Спарта проявила себя при обороне в высшей степени неповоротливой. Сначала афинское войско потерпело тяжелое поражение при Коронее, в Беотии, в походе, предпринятом для усмирения некоторых беотийских городов, которыми снова завладели изгнанные олигархи; чтобы возвратить своих многочисленных пленных, потерянных при Коронее, Афины согласились на заключение мира, отказавшись от всей Беотии, где повсюду снова в управление вступили олигархи, так же, как в Фокиде и Локриде, которые после отказа от Беотии уже нельзя было удержать. Тогда изгнанные Афинами олигархи напали на ненавистный для них город в том месте, где он был наиболее уязвим; они сумели побудить большой остров Эвбею к отложению от Афин, а когда Перикл выступил во главе сильного войска для покорения Эвбеи, он должен был поспешно вернуться обратно вследствие сообщения, что Мегара, подстрекаемая Коринфом, также отложилась и что спартанское войско выступило для нападения на Аттику.

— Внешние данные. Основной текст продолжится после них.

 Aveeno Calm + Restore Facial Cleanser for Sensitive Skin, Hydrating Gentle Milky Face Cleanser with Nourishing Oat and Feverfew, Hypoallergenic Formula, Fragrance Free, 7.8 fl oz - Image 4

Это нападение оказалось, впрочем, совершенно невинным; едва вступив на землю Аттики, спартанцы тотчас же возвратились обратно, так как Перикл подкупил якобы их вождей. Перикл покорил Эвбею, вследствие чего господство Афин на море было обеспечено. Но Афины не предпринимали больше сухопутной войны; в 445 г. Афины даже заключили со своими врагами 30-летнее перемирие, вследствие которого Афины отказались от притязаний на Низею, Пегею, Ахайю и Трезен и заявили о своем согласии на вступление Мегары в Пелопоннесский союз, руководимый Спартой.

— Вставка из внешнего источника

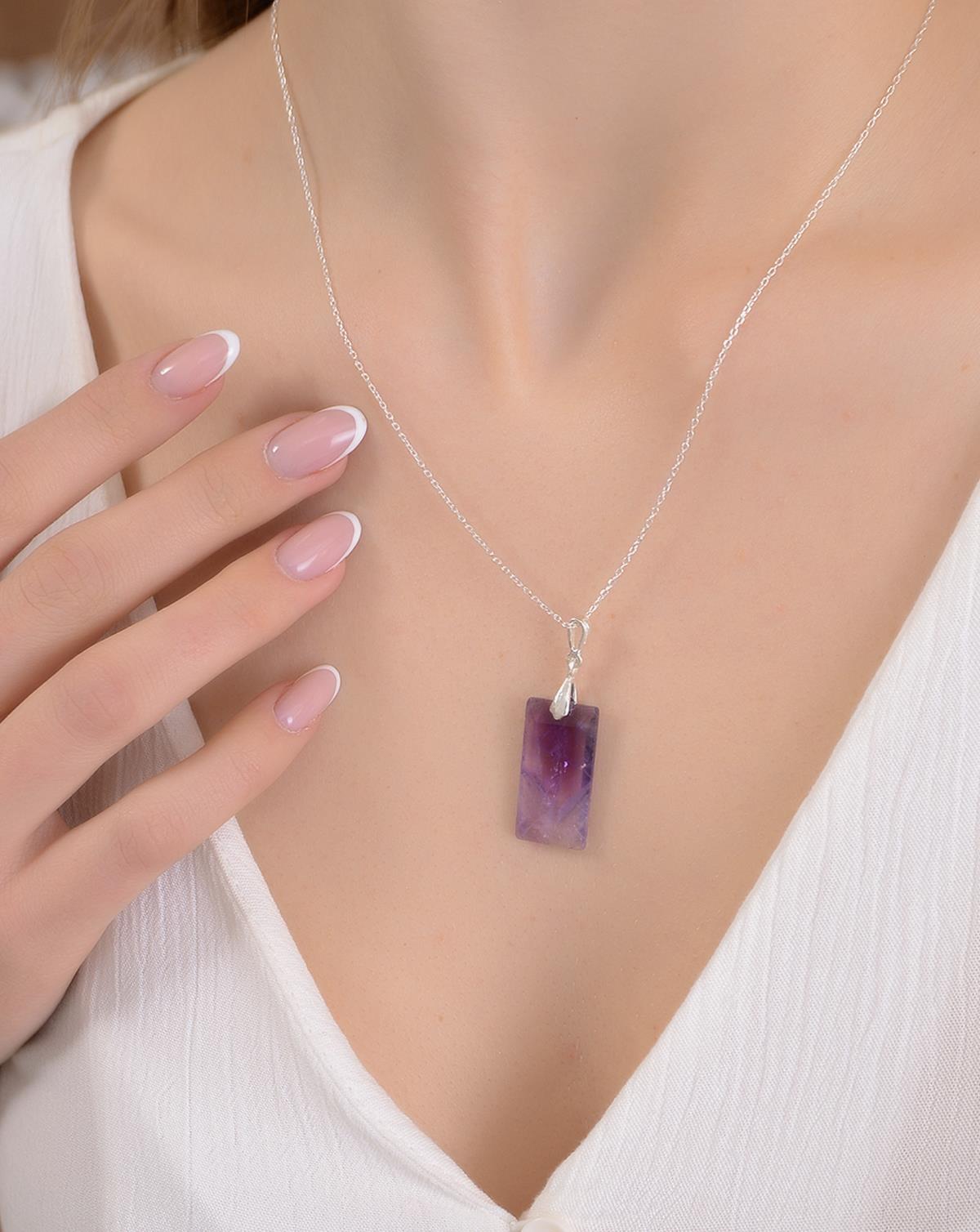 925 Ayar Gümüş Ametist Kolye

Это было тяжелым поражением для Афин, однако последовавший за этим 14-летний мир, казалось, доказал, что Греция в обоих крупных союзах — Афинском и Пелопоннесском — нашла свое равновесие, обеспечившее ей продолжительное процветание. А Афинах начался тот изумительный период искусства, обломки которого и сейчас еще вызывают восхищение просвещенного человечества. В течение этого периода город абсолютно не думал ни о каких новых завоеваниях и не применял к своим союзникам никаких строгостей. Только на островах, действительно являвшихся свободными союзниками Афин, было неспокойно: на Самосе дело дошло до настоящего восстания, которое Афины подавили силой, а Лесбос запрашивал Спарту, можно ли рассчитывать на пелопоннесскую поддержку в случае отложения этого острова. Однако лесбийцы получили негласный отказ Спарты, а Самос официально получил отказ Пелопоннесского союза, когда он просил о помощи против Афин; как раз наиболее горячие враги Афин, коринфяне, выступили против поддержки самосцев, которая могла бы явиться нарушением 30-летнего перемирия. За обоими союзами, таким образом, признавалось право наказывать членов, изменивших союзам. Возможно, что это воздержание Пелопоннесского союза, и в частности коринфян, проистекало не из истинной любви к миру, но из расчетов какого-либо рода, которых мы не знаем; во всяком случае оно говорит против того, что Пелопоннесская война возникла из простой вспышки зависти и ненависти, которые Афины должны были возбуждать у государств Пелопоннесского союза; развитие искусств, происшедшее в Афинах за мирные годы, менее всего беспокоило спартанцев.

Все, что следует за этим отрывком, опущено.